* Task to carry out *
Below are lines of data, and only some are wanted. Please repeat exactly those from the line that has "4th image of 586 Park Way" through the line that has "#summeroutfit #citylook".

* Input for this task *
+ + + +

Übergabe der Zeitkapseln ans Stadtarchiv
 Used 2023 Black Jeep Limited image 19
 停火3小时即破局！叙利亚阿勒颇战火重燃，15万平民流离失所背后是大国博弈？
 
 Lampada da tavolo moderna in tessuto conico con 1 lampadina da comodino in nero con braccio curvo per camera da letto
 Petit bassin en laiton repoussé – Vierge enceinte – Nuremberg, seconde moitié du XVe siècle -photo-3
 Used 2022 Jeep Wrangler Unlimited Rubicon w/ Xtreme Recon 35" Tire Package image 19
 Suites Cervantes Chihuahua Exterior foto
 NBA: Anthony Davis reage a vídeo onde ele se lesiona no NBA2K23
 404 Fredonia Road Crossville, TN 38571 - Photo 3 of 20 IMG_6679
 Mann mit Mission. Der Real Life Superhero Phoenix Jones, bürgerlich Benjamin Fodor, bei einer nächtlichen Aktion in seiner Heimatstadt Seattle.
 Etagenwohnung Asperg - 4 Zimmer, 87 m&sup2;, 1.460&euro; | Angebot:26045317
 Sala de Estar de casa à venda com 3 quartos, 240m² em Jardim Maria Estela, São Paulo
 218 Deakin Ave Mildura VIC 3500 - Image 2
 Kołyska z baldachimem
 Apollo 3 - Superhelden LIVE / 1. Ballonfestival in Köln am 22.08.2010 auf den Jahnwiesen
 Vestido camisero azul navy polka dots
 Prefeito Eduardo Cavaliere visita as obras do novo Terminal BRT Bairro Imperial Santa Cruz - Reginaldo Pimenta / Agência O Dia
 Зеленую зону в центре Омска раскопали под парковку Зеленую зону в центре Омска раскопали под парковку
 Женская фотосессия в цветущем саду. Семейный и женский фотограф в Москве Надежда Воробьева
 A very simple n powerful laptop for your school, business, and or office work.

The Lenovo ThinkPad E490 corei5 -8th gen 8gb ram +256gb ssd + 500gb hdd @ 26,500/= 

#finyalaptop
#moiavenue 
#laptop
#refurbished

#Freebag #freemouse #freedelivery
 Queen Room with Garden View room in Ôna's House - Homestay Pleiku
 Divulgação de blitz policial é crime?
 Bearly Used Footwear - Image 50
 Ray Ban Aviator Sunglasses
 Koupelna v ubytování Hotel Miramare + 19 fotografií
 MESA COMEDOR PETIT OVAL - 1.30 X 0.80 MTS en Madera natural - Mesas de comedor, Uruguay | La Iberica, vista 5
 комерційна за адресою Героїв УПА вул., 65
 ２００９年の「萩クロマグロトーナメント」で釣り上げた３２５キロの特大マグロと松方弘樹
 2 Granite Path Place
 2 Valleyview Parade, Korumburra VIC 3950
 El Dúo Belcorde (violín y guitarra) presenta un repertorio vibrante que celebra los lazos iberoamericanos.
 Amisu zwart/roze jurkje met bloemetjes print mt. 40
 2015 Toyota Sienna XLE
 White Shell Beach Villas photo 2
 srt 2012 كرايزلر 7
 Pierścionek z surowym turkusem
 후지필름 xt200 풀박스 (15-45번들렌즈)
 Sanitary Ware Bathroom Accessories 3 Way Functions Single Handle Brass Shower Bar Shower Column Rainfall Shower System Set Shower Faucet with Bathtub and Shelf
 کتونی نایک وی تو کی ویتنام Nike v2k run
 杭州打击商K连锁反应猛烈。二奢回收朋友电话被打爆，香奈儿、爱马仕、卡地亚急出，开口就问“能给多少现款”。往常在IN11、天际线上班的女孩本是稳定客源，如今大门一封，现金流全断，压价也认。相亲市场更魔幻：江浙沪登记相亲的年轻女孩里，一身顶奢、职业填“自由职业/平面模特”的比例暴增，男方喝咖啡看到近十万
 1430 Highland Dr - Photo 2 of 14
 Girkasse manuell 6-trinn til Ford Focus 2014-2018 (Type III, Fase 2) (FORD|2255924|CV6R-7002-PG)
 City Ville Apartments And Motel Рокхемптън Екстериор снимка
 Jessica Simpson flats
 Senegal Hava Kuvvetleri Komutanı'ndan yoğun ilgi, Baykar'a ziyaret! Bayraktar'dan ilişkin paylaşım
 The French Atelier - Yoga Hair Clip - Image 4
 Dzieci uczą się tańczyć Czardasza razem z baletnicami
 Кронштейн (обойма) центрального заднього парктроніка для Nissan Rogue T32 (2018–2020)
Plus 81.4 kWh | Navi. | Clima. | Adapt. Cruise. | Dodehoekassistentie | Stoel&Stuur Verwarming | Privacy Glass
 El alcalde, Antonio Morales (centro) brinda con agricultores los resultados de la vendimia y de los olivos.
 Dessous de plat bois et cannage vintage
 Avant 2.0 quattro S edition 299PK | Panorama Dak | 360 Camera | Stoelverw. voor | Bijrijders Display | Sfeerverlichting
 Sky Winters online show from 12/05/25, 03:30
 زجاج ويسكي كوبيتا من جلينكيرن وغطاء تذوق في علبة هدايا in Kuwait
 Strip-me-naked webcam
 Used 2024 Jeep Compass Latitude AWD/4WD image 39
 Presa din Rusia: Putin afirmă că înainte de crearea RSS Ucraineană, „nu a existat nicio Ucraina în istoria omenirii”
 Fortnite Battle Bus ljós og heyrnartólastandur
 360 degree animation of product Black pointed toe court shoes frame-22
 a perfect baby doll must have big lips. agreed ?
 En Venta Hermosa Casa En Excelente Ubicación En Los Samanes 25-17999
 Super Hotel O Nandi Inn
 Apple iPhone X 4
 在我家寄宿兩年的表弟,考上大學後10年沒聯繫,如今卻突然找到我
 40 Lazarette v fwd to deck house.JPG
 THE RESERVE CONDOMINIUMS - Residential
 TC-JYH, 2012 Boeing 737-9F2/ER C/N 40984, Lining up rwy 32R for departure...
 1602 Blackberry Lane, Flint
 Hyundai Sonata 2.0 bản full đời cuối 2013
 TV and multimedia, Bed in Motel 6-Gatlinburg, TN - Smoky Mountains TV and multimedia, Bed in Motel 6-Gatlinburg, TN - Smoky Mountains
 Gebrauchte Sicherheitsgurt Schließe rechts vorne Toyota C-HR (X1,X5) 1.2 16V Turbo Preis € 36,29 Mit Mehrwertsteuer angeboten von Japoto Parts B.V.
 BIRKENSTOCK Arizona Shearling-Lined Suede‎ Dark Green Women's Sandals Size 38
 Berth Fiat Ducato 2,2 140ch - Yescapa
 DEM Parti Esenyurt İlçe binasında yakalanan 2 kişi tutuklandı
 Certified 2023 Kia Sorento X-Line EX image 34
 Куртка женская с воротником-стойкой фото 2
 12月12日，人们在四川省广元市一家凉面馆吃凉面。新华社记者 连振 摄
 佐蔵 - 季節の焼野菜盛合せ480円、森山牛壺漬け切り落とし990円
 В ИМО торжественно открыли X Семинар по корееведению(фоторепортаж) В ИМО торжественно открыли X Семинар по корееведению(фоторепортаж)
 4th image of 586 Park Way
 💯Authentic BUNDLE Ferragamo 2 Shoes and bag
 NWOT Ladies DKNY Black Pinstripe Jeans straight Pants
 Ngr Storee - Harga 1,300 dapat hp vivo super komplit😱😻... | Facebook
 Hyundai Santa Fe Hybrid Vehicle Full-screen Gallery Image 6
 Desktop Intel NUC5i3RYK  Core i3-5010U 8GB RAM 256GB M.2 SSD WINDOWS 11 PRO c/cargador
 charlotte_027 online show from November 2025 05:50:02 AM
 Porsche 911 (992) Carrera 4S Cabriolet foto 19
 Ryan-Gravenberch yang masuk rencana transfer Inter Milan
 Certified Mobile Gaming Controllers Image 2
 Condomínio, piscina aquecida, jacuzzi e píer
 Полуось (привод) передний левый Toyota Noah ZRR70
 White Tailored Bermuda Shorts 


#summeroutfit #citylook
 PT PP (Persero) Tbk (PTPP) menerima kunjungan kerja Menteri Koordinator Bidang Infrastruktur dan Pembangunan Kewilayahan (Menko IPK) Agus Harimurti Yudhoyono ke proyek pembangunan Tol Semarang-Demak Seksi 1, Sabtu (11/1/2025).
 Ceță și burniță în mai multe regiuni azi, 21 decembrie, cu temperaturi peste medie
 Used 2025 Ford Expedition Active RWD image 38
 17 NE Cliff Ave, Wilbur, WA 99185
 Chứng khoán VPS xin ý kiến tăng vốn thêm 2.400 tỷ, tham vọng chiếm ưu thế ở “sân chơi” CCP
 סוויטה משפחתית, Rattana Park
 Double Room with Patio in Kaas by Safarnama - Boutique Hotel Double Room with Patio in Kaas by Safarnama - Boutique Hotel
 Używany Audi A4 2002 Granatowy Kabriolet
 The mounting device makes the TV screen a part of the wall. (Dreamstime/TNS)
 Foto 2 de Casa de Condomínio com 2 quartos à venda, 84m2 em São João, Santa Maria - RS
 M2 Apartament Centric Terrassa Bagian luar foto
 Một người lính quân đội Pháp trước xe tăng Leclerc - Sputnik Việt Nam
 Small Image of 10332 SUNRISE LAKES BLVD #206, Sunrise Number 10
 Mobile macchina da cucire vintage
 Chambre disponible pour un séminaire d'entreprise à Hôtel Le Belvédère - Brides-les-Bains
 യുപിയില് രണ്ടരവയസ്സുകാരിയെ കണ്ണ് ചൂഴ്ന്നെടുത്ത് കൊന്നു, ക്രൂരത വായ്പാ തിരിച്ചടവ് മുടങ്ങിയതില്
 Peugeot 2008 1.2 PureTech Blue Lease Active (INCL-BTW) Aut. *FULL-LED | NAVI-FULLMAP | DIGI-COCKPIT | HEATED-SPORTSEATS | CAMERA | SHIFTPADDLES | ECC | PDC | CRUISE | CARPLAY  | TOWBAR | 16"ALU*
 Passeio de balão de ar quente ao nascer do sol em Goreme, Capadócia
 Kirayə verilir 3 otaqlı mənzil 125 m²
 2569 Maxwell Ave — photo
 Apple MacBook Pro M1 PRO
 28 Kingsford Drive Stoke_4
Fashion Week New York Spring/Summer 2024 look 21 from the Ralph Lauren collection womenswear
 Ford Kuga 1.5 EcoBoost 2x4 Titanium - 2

+ + + +

* Your solution *
 4th image of 586 Park Way
 💯Authentic BUNDLE Ferragamo 2 Shoes and bag
 NWOT Ladies DKNY Black Pinstripe Jeans straight Pants
 Ngr Storee - Harga 1,300 dapat hp vivo super komplit😱😻... | Facebook
 Hyundai Santa Fe Hybrid Vehicle Full-screen Gallery Image 6
 Desktop Intel NUC5i3RYK  Core i3-5010U 8GB RAM 256GB M.2 SSD WINDOWS 11 PRO c/cargador
 charlotte_027 online show from November 2025 05:50:02 AM
 Porsche 911 (992) Carrera 4S Cabriolet foto 19
 Ryan-Gravenberch yang masuk rencana transfer Inter Milan
 Certified Mobile Gaming Controllers Image 2
 Condomínio, piscina aquecida, jacuzzi e píer
 Полуось (привод) передний левый Toyota Noah ZRR70
 White Tailored Bermuda Shorts 


#summeroutfit #citylook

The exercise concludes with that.